Greetings Kami Gaben and welcome to PersonalityCafe!! My name is Mr. CafeBot. I am here to personally greet you and thank you for joining our humble little forum. No matter your type, you will surely experience a wonderful time with the members of this forum. We cater to all personality types so you will never feel alone or weird. Truth is this forum is full of weirdos!! Pleazeee hel.... *Ahem*I mean we have the nicest people you will ever meet. 

If you need basic forum information our newbie guide link is here...
http://personalitycafe.com/intro/2319-friendly-guide-newbies.html


To keep the forum entertaining and safe, our forum rules link is here...
http://personalitycafe.com/announcements/540-personality-cafe-forum-rules.html


If you need any help or have any suggestions, please let us know here...
http://personalitycafe.com/support-suggestions/

We will always be glad to help you!

Also don't forget to watch my music video...








Again, welcome to our forum Kami Gaben. We hope that your experience with us is tremendously benevolent!

P.S. Meet my family

My Wife - http://personalitycafe.com/members/mrs-cafebot.html
My Daughter - http://personalitycafe.com/members/jenny.html
My Dog - http://personalitycafe.com/members/dog.html


----------



## Kami Gaben (Aug 26, 2012)

Oh thanks ^^


----------



## nakkinaama (Jun 20, 2012)

Hey! Hope you have fun here!!


----------



## Kami Gaben (Aug 26, 2012)

Heya, I'll try my best to have fun xD. Not really that easy when you are the stranger arround here, but I can get used to it if I really want to xD


----------



## IamInnocent (Dec 23, 2011)

O hye theer. Grretings from iAMiNNOCENT. ,_, *Suspicious Alarm Alert.* Nice to meet ya Kami. I also love Fsjal. =3 One of my favourite meme characters.

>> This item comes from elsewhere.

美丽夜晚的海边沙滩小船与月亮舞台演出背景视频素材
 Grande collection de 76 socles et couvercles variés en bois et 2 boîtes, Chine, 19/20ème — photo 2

Have fun discovering moar about your personality!


----------



## Kami Gaben (Aug 26, 2012)

thank you ^^


----------



## firedell (Aug 5, 2009)

Welcome! @Kami Gaben


----------



## Kami Gaben (Aug 26, 2012)

Thank you ^^


----------



## Navi (Jul 8, 2012)

Welcome to PerC! 

+1 for having fsjal as your avatar.


----------



## aus2020 (Jun 29, 2011)

Welcome! If you like the AC series, another game you might like is Wet. Cheers!


----------



## Kami Gaben (Aug 26, 2012)

Navi said:


> Welcome to PerC!
> 
> +1 for having fsjal as your avatar.


Oh thank you xD, this actualy I found it recently since I've got into AC and yep.



aus2020 said:


> Welcome! If you like the AC series, another game you might like is Wet. Cheers!


Wet, I've played the demo for that, its not a bad game but it kinda fails at some points


----------



## aus2020 (Jun 29, 2011)

I know, it can be the type of game you either like or don't like. It's very different from the fps games that I'm used to. Anyway, there's always the next release of AC to look forward to.


----------



## gammagon (Aug 8, 2012)

Hello Kami, welcome to PerC


----------



## Kami Gaben (Aug 26, 2012)

aus2020 said:


> I know, it can be the type of game you either like or don't like. It's very different from the fps games that I'm used to. Anyway, there's always the next release of AC to look forward to.


Actualy two of them, because I want to play Liberations too... somehow...



gammagon said:


> Hello Kami, welcome to PerC


thank you mister Steins;Gate fan ^^


----------



## gammagon (Aug 8, 2012)

Kami Gaben said:


> thank you mister Steins;Gate fan ^^


Your welcome Mr. Gaben/Assassins Creed fan


----------



## aus2020 (Jun 29, 2011)

Unfortunately, I don't have a PS vita, so I'll have to wait for other new releases, such as Absolution.


----------



## Kami Gaben (Aug 26, 2012)

aus2020 said:


> Unfortunately, I don't have a PS vita, so I'll have to wait for other new releases, such as Absolution.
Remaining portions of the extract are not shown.